Это в 1917 году, в период «интегральных» свобод понаехали они в наш злополучный дом. Хотя я и состою на учете в военном комиссариате, как явившийся по мобилизации офицер и имею законную отсрочку, но комбеду на это «наплевать», и я должен, вопреки отсрочке (пехотные офицеры не нужны в данный момент) защищать РСФСР, иначе…
Вот и разберись: одни мобилизуют себе защитника, а другие его же грозят изничтожить.
20 апреля.
Дело с комбедом, пока что, кое-как уладилось: я приобрел себе сторонника в лице младшего дворника Федора. Безграмотный мужик, с огромной черной бородищей и хитрыми глазками. Мне кажется, что Пугачев имел именно такую наружность. Мы часто беседуем, с товарищем Федором о конечной победе коммунизма, когда не будет больше господ, не будет ни бедных, ни богатых, не будет больше империалистических войн, и все буржуи на свете будут уничтожены, и все богатства от них будут отняты и поделены между пролетариями.

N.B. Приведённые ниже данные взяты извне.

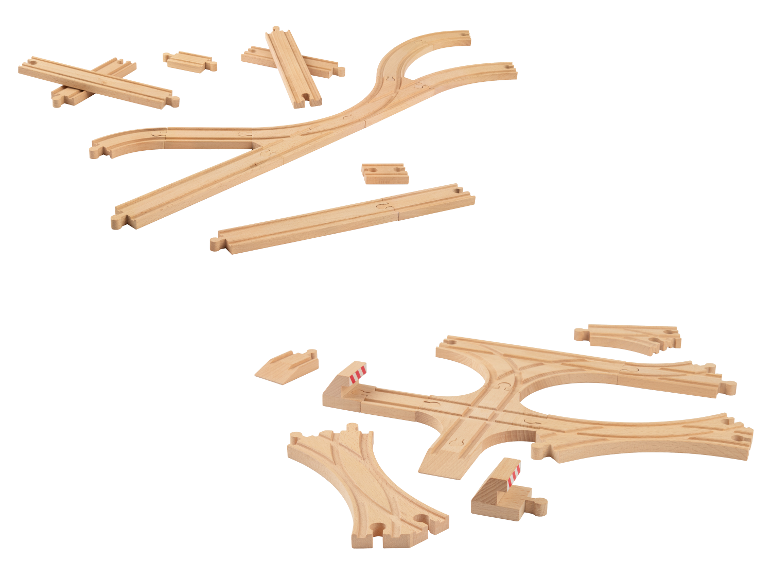 Ensemble de rails de train en bois avec diverses sections et aiguillages.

Я его спросил: «А как же это так, товарищ Федор, буржуи-то может быть и не захотят отдавать свои богатства, как же взять то их у них?» «Что вы, товарищ», — сказал он мне, как бы удивившись на мою наивность, — «да ведь они же сами нам их принесут». (Его слова оказались пророческими: вот почти уже 20 лет буржуи помогают большевикам)[136].
В результате я приобрел влиятельного друга. На днях он меня звал пить чай в совчайную.
20 апреля 1919 года.
Почти полтора года прошло после ликвидации большевиками нашего полка; в казармах формировались красноармейские части и отправлялись на фронт гражданской войны. Я думал, что всё прежнее уже забыто и рискнул пойти весной к заутрени в нашу полковую церковь.
Посреди церкви стоит аналой, и красноармеец читает апостола. Начинают стекаться прихожане и среди них немало красноармейцев. Приходит прапорщик Решетняк (моего выпуска III-й Петергофской Школы Прапорщиков)[137]. Мы издали с ним раскланялись, но не подошли друг к другу и встали поодаль в полутьме храма.